Type your answer here (this is a written answer, use markdown syntax as necessary).

### Task 17: A comparison of the performance of the federated learning algorithm with the performance of a centralized learning algorithm [5 points]

*Hint: To implement centralized training you set num client to be 1 and try out a few different learning rates.*

*Hint: You must also provide a written answer in markdown syntax analyzing the results you obtained.*

In [None]:
# Type your code here 

Type your answer here (this is a written answer, use markdown syntax as necessary).


### Task 18: A discussion of the hyperparameters you fine-tuned and their impact on the performance of the federated learning algorithm [5 points]

In [None]:
# Type any supporting code here

Type your answer here (this is a written answer, use markdown syntax as necessary).

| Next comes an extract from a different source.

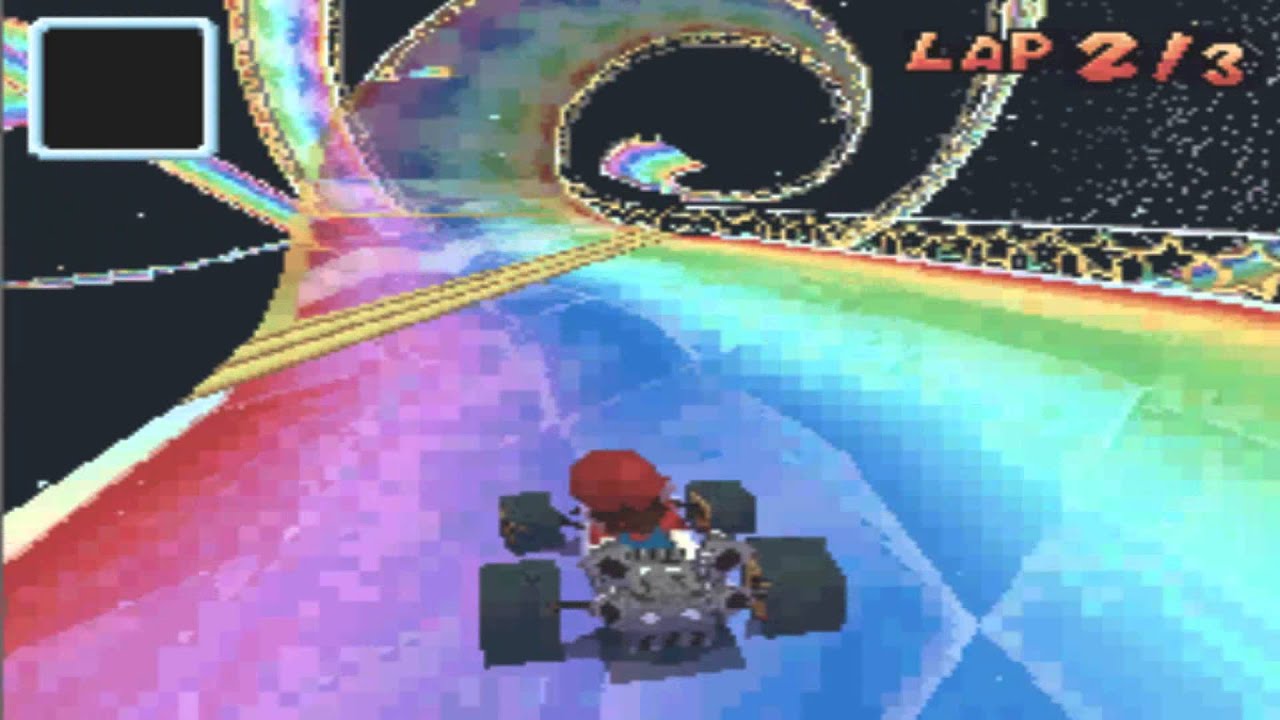 DuckTales - The Moon with Mario Kart DS Soundfont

### Task 19: Implement the aggregator using a Solidity smart contract. [10 points]
You must write Solidity code to get full points for this question. The contract should be syntactically correct (i.e., compile).

Some Hints: 
* Create structs for the Participants (i.e., clients) and Global Model (i.e., the server). 
* Some useful functions to include in the smart contract: addParticipant, updateParticipantParameters, aggregate
* The `aggregate` function should aggregate the model parameters from all the participants, and you are welcome to utilize any relevant algorithm for this purpose.

Since the code is in Solidity, place it inside the markdown cell in the "javascript" environment.

```javascript
//Type your code here. 
```


### Task 20: Deploying and using the aggregator smart contract. [5 points]
Please describe the steps you would take to deploy the smart contract you developed above on an Ethereum test network (you need not deploy the contract). How would the participants/clients interact with the smart contract?

Type your answer here (this is a written answer, use markdown syntax as necessary).